Ibrahim G K, Kerns B J, MacDonald J A, Ibrahim S N, Kinney R B, Humphrey P A, Robertson C N
Division of Urology, Duke University Medical Center, Durham, North Carolina.
J Urol. 1993 Jan;149(1):170-3. doi: 10.1016/s0022-5347(17)36032-9.
To investigate epidermal growth factor receptor (EGFr) presence in the prostate, monoclonal antibody (clone EGFR1) immunohistochemical examination of radical prostatectomy specimens was performed (n = 37). All prostatic specimens contained benign prostatic hyperplasia (BPH) and/or dysplasia (prostatic intraepithelial neoplasia or PIN), as well as prostatic carcinoma (CaP). Areas of dysplasia were further categorized as to the basal cell layer and the luminal cell area. BPH, PIN, and CaP tissues in each specimen were analyzed by a single observer and graded on a scale from 0-4+. Fifteen samples were also analyzed for EGFr content utilizing a Cell Analysis Systems (CAS 200) image cytometer. EGFr immunoreactivity of BPH basal cells was significantly higher than EGFr immunoreactivity in areas of CaP (p < 0.001). EGFr staining of BPH basal cells was also significantly higher than that seen in PIN luminal cells (p < 0.001). Immunoreactivity of EGFr in PIN basal cells was significantly higher than in PIN luminal cells (p < 0.001). EGFr staining of basal cells in BPH tissues was higher than that seen in the PIN basal cell layer but the difference was not statistically significant (p = 0.06). The amount of staining present in PIN luminal cells was also significantly greater than in CaP tissues (p = 0.002). Quantitative image analysis utilizing the CAS 200 image cytometer was performed on BPH and CaP areas exclusively. EGFr immunoreactivity in basal cells of the BPH tissues was significantly greater than that seen in CaP tissues (p < 0.001). The decreased EGFr immunoreactivity in CaP may reflect a differentiating role for EGFr in normal tissues. Loss of EGFr influence may be associated with an increased proliferative state in PIN and CaP. Destruction or alteration of the epidermal grwoth factor receptor by a protease, such as prostatic specific antigen, may also explain our findings. At the present time the meaning of the different amounts of EGFr in the various types of prostate tissues is unknown.

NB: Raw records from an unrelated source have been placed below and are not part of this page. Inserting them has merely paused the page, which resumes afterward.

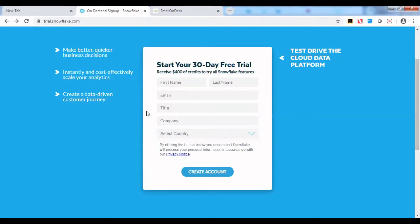We are going to see how we can create a trial account for Snowflake. Snowflake provides a free trial account for 30 days and provides you $400 of credit.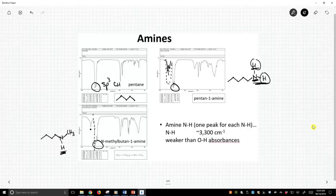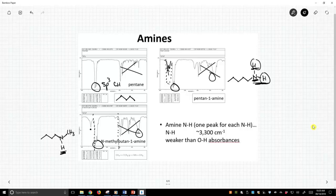You might say, hey, what's going on down here? Look, we have stuff. Yes, we do, but remember that is below 1,500 wave numbers, and we're not going to try to interpret that part of the spectrum. So only stuff that has a value greater than 1,500 wave numbers will we concern ourselves with in this class. So those are two more functional groups, common functional groups that we will see, amines and alcohols.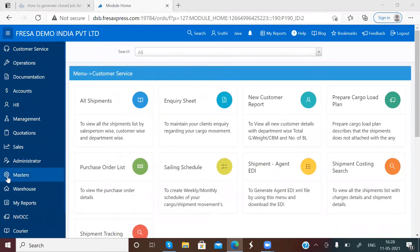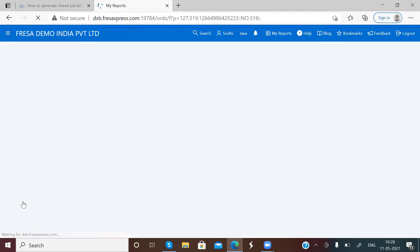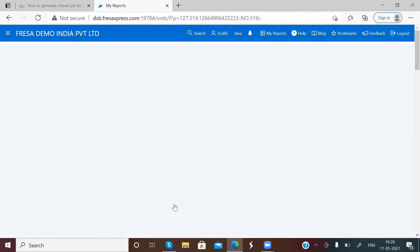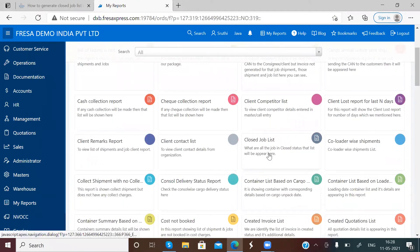First we want to select My Reports. Here, we want to choose Closed Job List.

为研究前列腺中表皮生长因子受体(EGFr)的存在情况,对37例前列腺根治术标本进行了单克隆抗体(克隆EGFR1)免疫组化检查。所有前列腺标本均包含良性前列腺增生(BPH)和/或发育异常(前列腺上皮内瘤变或PIN)以及前列腺癌(CaP)。发育异常区域进一步分为基底细胞层和管腔细胞区域。由一名观察者对每个标本中的BPH、PIN和CaP组织进行分析,并按0至4+分级。还使用细胞分析系统(CAS 200)图像细胞仪对15个样本的EGFr含量进行了分析。BPH基底细胞的EGFr免疫反应性显著高于CaP区域的EGFr免疫反应性(p < 0.001)。BPH基底细胞的EGFr染色也显著高于PIN管腔细胞中的染色(p < 0.001)。PIN基底细胞中EGFr的免疫反应性显著高于PIN管腔细胞(p < 0.001)。BPH组织中基底细胞的EGFr染色高于PIN基底细胞层,但差异无统计学意义(p = 0.06)。PIN管腔细胞中的染色量也显著高于CaP组织(p = 0.002)。仅对BPH和CaP区域进行了使用CAS 200图像细胞仪的定量图像分析。BPH组织基底细胞中的EGFr免疫反应性显著高于CaP组织(p < 0.001)。CaP中EGFr免疫反应性的降低可能反映了EGFr在正常组织中的分化作用。EGFr影响的丧失可能与PIN和CaP中增殖状态的增加有关。蛋白酶(如前列腺特异性抗原)对表皮生长因子受体的破坏或改变也可能解释我们的发现。目前,各种类型前列腺组织中不同量EGFr的意义尚不清楚。